Le premier signe à sentir, c’est la présence le soir en période de crise. Au début, dans les coups de bourre, tout le monde est sur le pont et se serre les coudes. Là, on commence à voir de gens qui rentrent toujours tôt… Et si on prend le temps de les interroger, et bien leur réponse est systématiquement la même : “ce n’est pas mon problème, et moi j’ai une vie à côté”. Ne pas adhérer aux problèmes de l’entreprise, et du coup ne pas être engagé quand l’entreprise est charrette, c’est le premier symptôme.

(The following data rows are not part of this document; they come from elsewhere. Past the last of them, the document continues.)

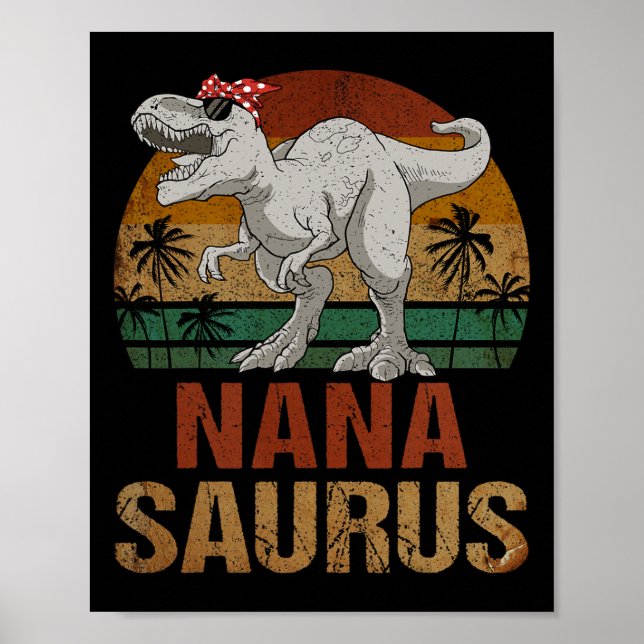 Affiche Nanasaurus T Rex Dinosaur Nana Saurus Fête des mèr (Devant)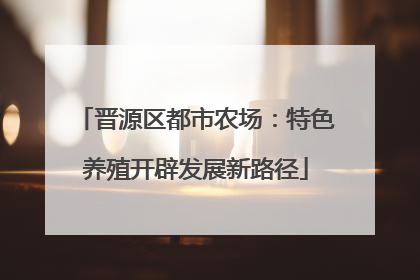 晋源区都市农场：特色养殖开辟发展新路径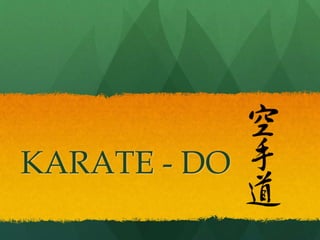 KARATE - DO
 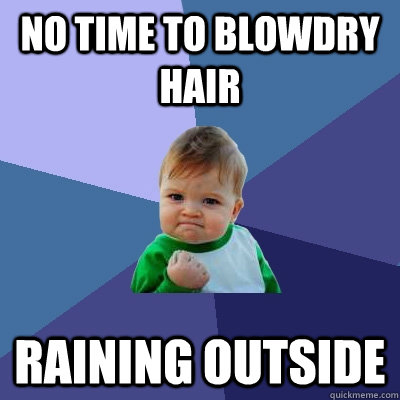 No time to blowdry hair Raining outside  Success Kid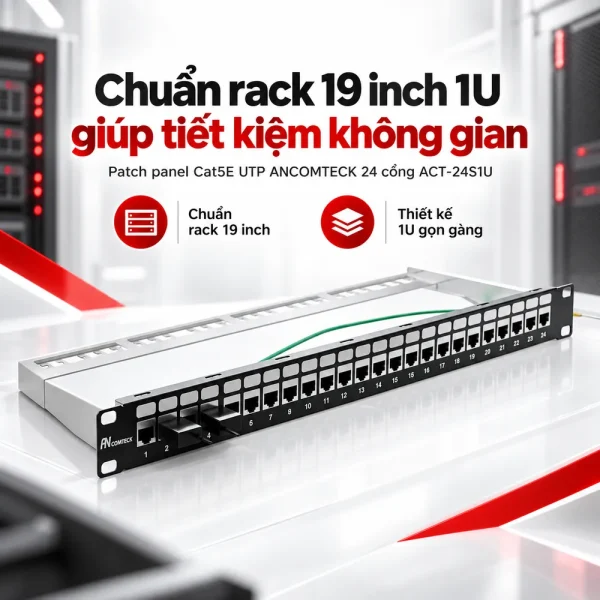 Patch panel Cat5E UTP ANCOMTECK 24 cổng ACT-24S1U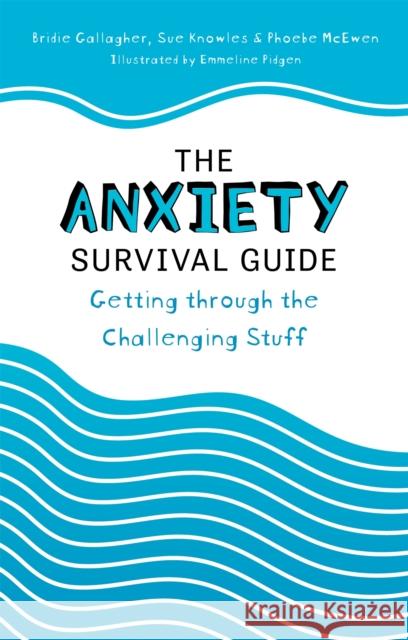 The Anxiety Survival Guide: Getting Through the Challenging Stuff Gallagher, Bridie 9781785926419 Jessica Kingsley Publishers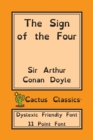 The Sign of Four (Dyslexia Friendly Font) - Book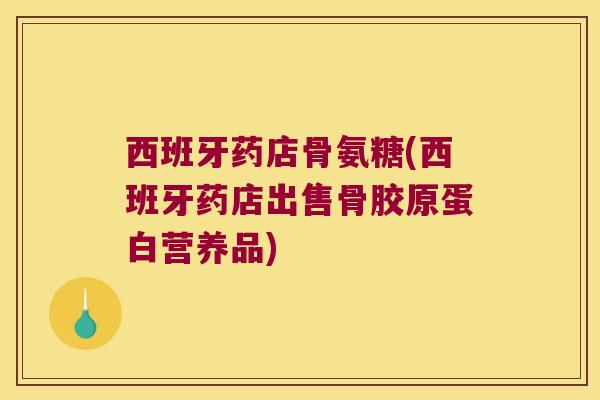 西班牙药店骨氨糖(西班牙药店出售骨胶原蛋白营养品)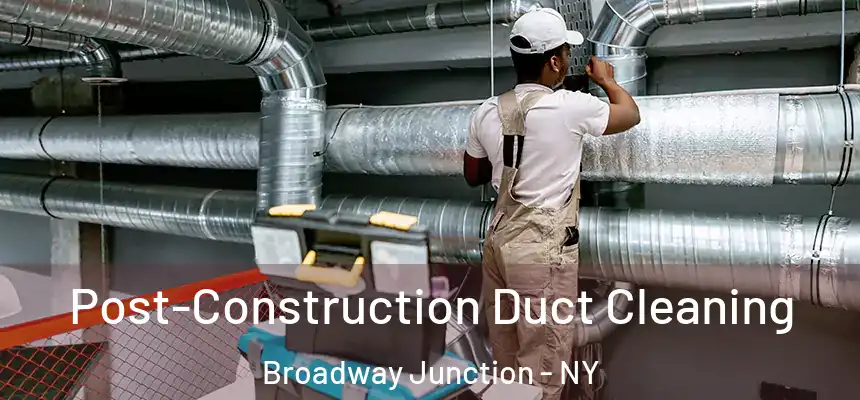 Post-Construction Duct Cleaning Broadway Junction - NY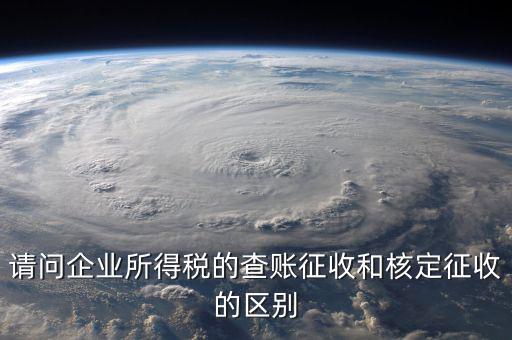 查賬征收是什么意思，請(qǐng)問企業(yè)所得稅的查賬征收和核定征收的區(qū)別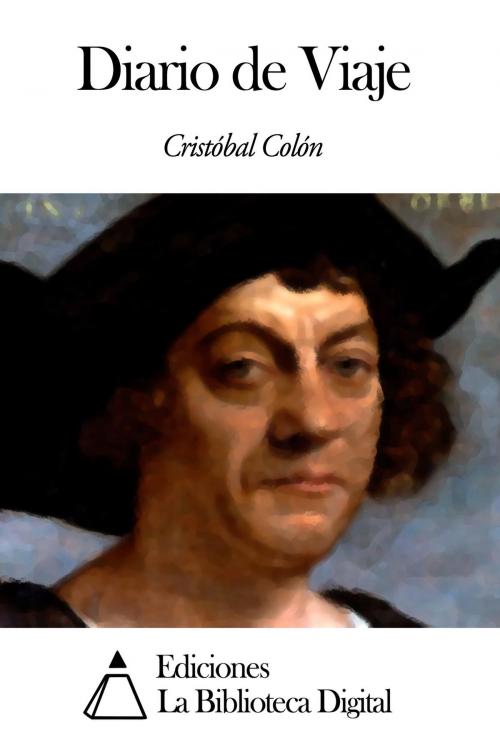 Cover of the book Diario de Viaje by Cristóbal Colón, Ediciones la Biblioteca Digital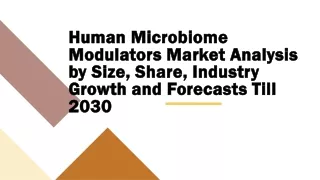 Human Microbiome Modulators Market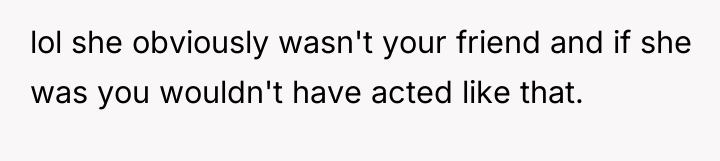lol she obviously wasn't your friend and if she was...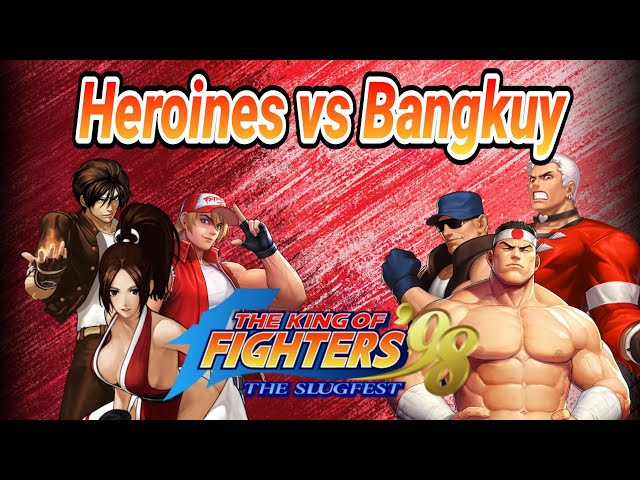 GGPO INDONESIA, Friendly Match The King of Fighters 98, [irull]Heroines vs [Nub]Bangkuy].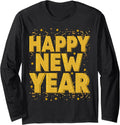 Happy New Year Family Matching New Years Eve Party Long Sleeve T-Shirt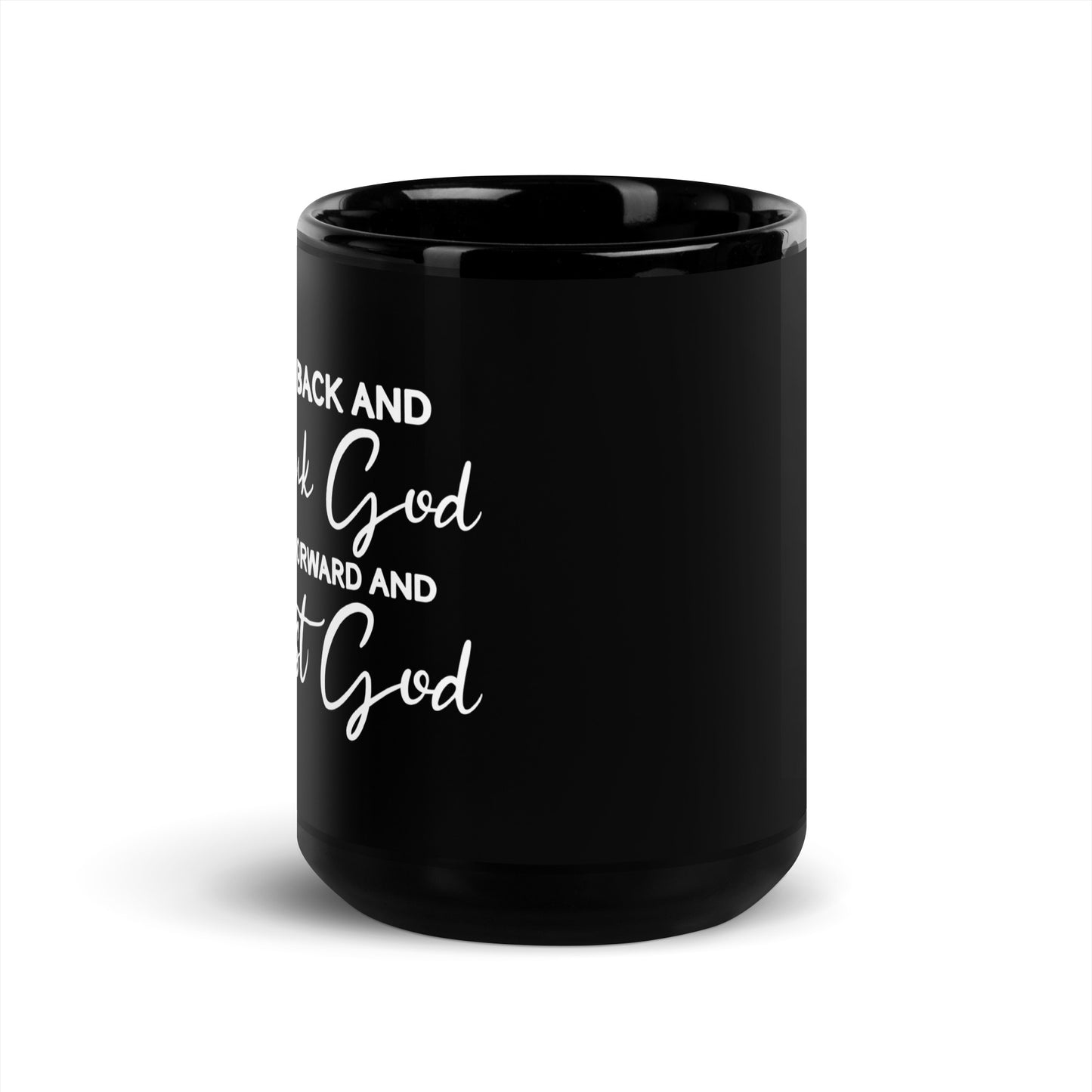 Trust God Black Coffee Mug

Le second, c’est la non-communication entre les équipes qui ont des points d’achoppement. L’exemple très classique : les développeurs et l’équipe produit/marketing. Quand ces personnes commencent à se mettre dessus, même gentiment sur Slack, il est temps de se poser des questions. Les développeurs ne rêvent que d’une chose : faire le produit qui fasse le plus kiffer les clients. Et l’équipe produit/marketing aussi. Si ces gens-là commencent à avoir des difficultés à prioriser les sujets, à délivrer, voire même à parler entre eux, alors vous vivez la fin de la super ambiance, et ça ne va pas aller en s’arrangeant.

Un autre symptôme classique, c’est les one-to-one. Observez vos équipes et les réunions qui se passent à 2. Une réunion à deux dans un univers sain est une réunion de travail, donc avec du papier, du tableau blanc, du jus de cerveau. Une réunion à deux sans ses éléments est très souvent une réunion “politique », du lobbying interne, des lamentations, ou du complot. Soyez attentifs au climat des pauses clopes, attentifs aux groupes de départs le soir, aux groupes dans les évènements d’équipe, et prêtez une attention toute particulière aux points à 2. Ne jetez pas la pierre à ceux qui les pratiquent, c’est un phénomène totalement normal. Constatez simplement un symptôme de disparition de votre esprit startup.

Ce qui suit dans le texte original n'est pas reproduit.